(Problem requirements): Return exactly the lines from the start of the records below through the line containing "How does this", both ends included, and leave out the pictures.

** Records for the exercise follows **

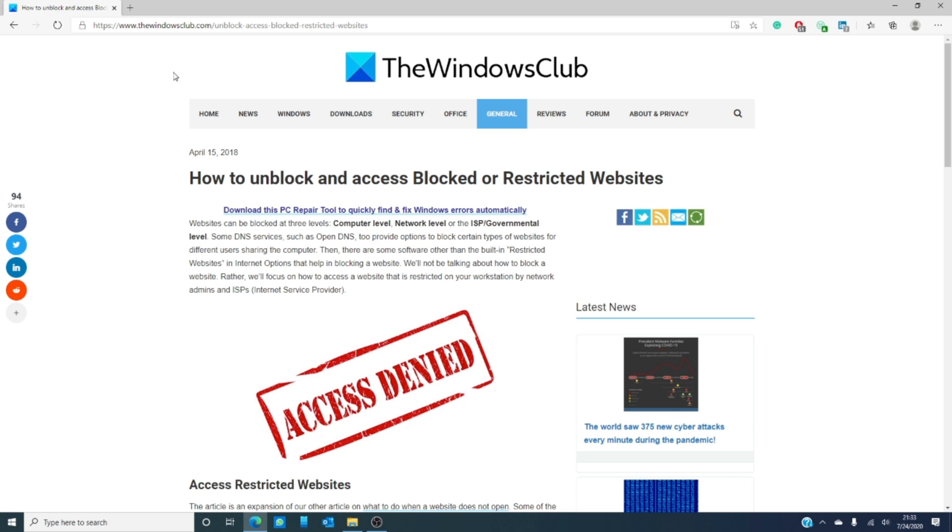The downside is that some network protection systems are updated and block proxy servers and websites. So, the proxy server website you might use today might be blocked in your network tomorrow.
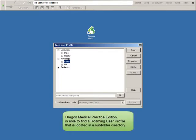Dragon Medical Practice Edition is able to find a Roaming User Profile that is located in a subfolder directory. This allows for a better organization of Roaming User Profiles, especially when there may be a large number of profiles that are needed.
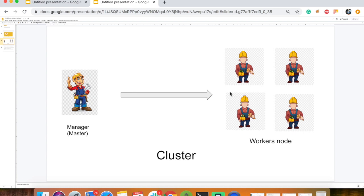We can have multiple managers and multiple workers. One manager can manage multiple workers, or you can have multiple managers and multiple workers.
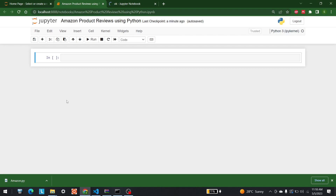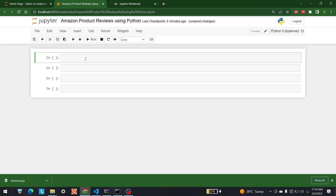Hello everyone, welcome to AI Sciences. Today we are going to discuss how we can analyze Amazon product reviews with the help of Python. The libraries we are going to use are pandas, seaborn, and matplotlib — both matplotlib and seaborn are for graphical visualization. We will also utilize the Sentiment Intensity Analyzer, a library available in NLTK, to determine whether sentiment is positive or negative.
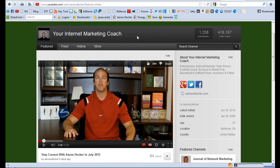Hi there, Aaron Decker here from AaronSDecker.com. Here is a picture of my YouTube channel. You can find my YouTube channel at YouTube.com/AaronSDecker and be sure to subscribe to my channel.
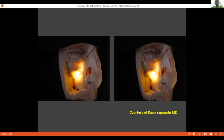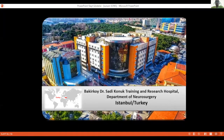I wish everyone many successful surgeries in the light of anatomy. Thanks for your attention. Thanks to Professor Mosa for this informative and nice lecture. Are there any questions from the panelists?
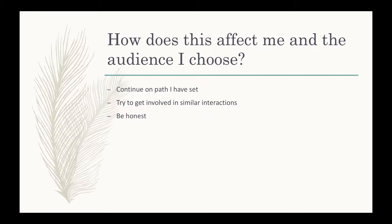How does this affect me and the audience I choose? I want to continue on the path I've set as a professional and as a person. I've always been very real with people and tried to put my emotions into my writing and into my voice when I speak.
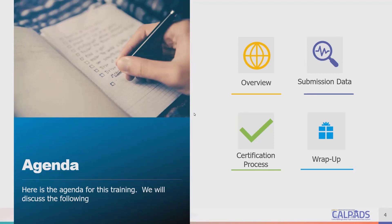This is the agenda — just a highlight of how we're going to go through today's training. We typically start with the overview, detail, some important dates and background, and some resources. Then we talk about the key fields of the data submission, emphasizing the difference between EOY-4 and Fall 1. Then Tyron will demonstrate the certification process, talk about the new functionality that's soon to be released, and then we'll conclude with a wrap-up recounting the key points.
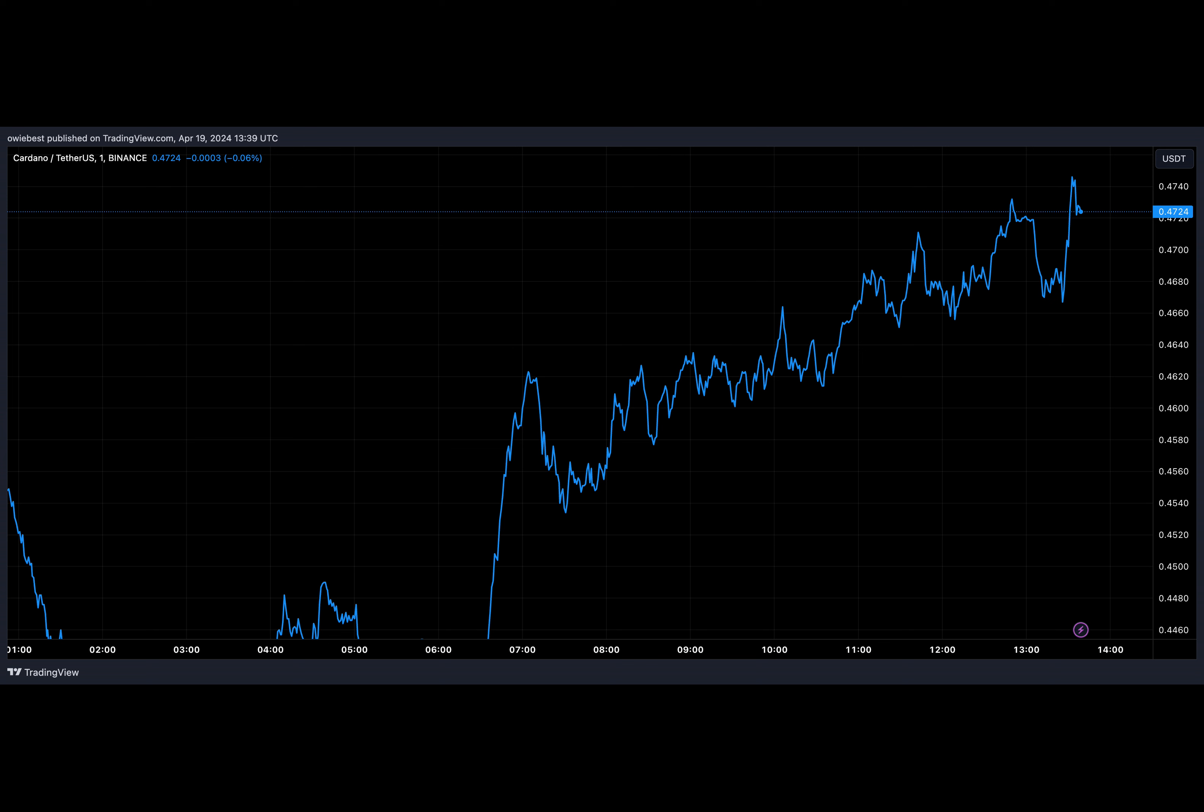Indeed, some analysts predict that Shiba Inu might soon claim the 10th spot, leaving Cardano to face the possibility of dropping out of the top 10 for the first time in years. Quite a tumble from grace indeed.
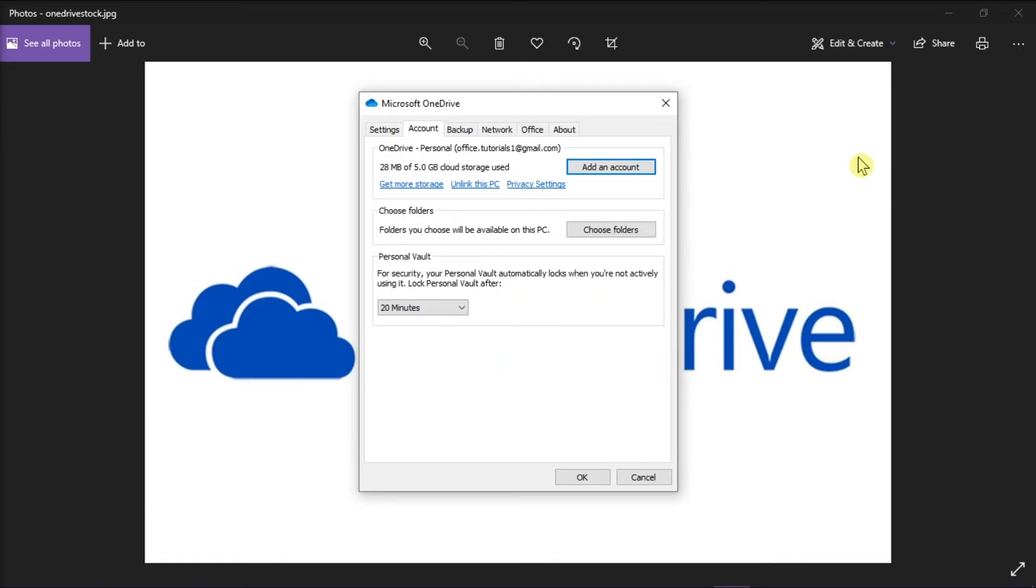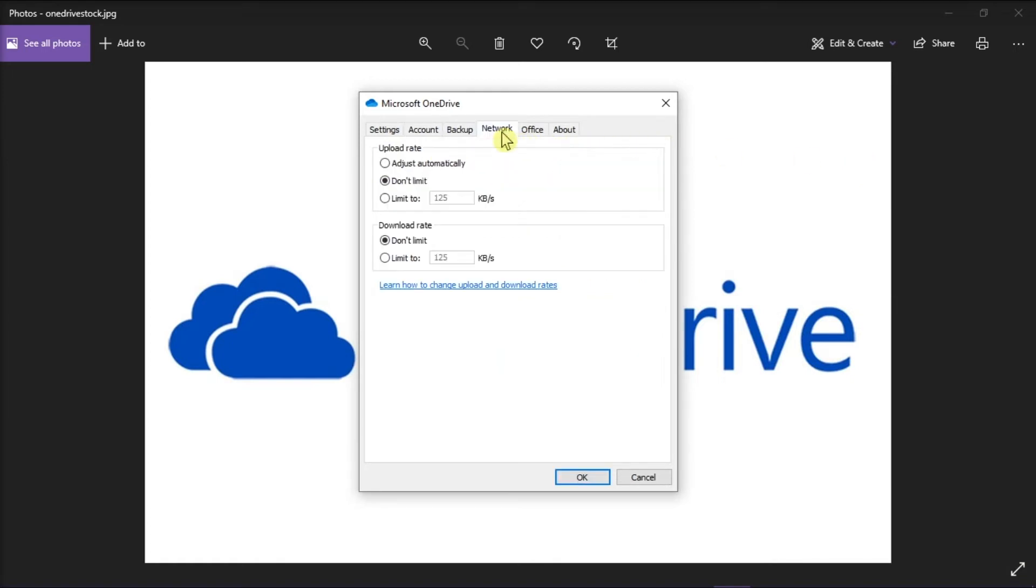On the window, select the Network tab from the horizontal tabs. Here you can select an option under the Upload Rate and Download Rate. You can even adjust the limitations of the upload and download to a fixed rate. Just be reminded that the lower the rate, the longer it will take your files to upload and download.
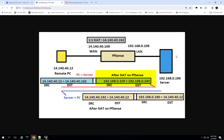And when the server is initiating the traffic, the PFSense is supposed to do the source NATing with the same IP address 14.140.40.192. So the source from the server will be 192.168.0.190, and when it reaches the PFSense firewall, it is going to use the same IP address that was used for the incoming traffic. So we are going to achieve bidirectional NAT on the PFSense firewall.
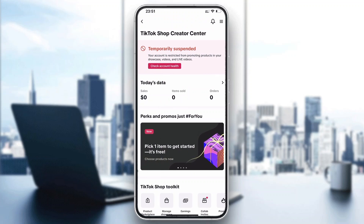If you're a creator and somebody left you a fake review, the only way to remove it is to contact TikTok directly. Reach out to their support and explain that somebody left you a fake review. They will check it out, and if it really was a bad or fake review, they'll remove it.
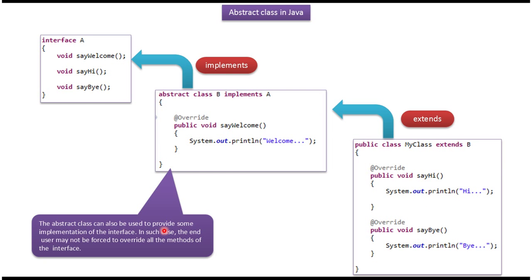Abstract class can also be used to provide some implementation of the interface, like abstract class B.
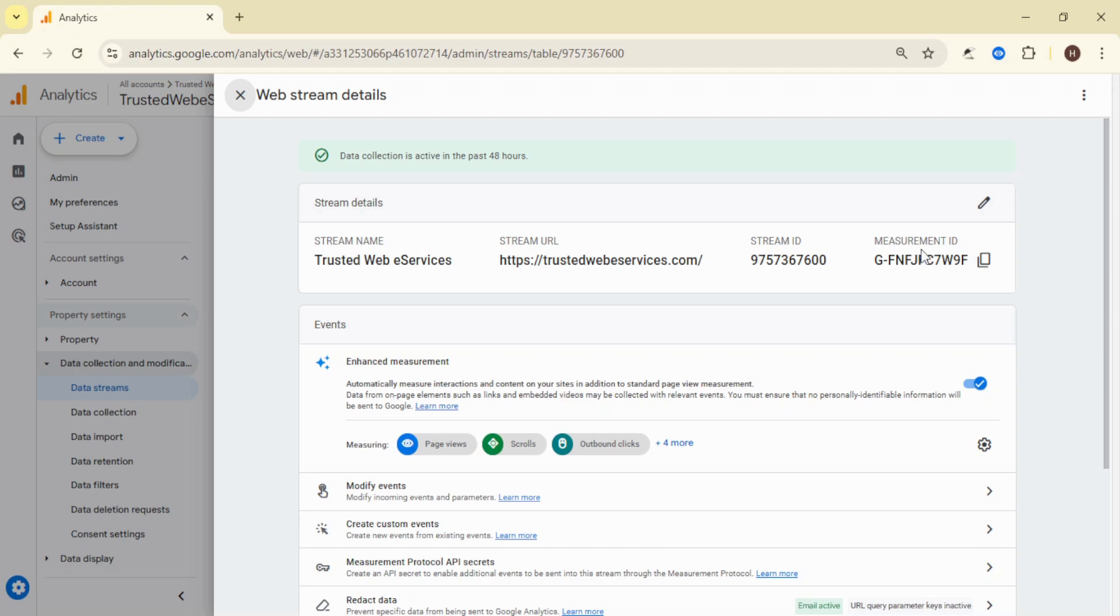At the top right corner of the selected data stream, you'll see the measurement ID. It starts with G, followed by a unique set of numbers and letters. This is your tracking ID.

** End of Records for the exercise **

(Answer box):
The downside is that some network protection systems are updated and block proxy servers and websites. So, the proxy server website you might use today might be blocked in your network tomorrow.
Dragon Medical Practice Edition is able to find a Roaming User Profile that is located in a subfolder directory. This allows for a better organization of Roaming User Profiles, especially when there may be a large number of profiles that are needed.
We can have multiple managers and multiple workers. One manager can manage multiple workers, or you can have multiple managers and multiple workers.
Hello everyone, welcome to AI Sciences. Today we are going to discuss how we can analyze Amazon product reviews with the help of Python. The libraries we are going to use are pandas, seaborn, and matplotlib — both matplotlib and seaborn are for graphical visualization. We will also utilize the Sentiment Intensity Analyzer, a library available in NLTK, to determine whether sentiment is positive or negative.
Hi there, Aaron Decker here from AaronSDecker.com. Here is a picture of my YouTube channel. You can find my YouTube channel at YouTube.com/AaronSDecker and be sure to subscribe to my channel.
I wish everyone many successful surgeries in the light of anatomy. Thanks for your attention. Thanks to Professor Mosa for this informative and nice lecture. Are there any questions from the panelists?
How does this affect me and the audience I choose? I want to continue on the path I've set as a professional and as a person. I've always been very real with people and tried to put my emotions into my writing and into my voice when I speak.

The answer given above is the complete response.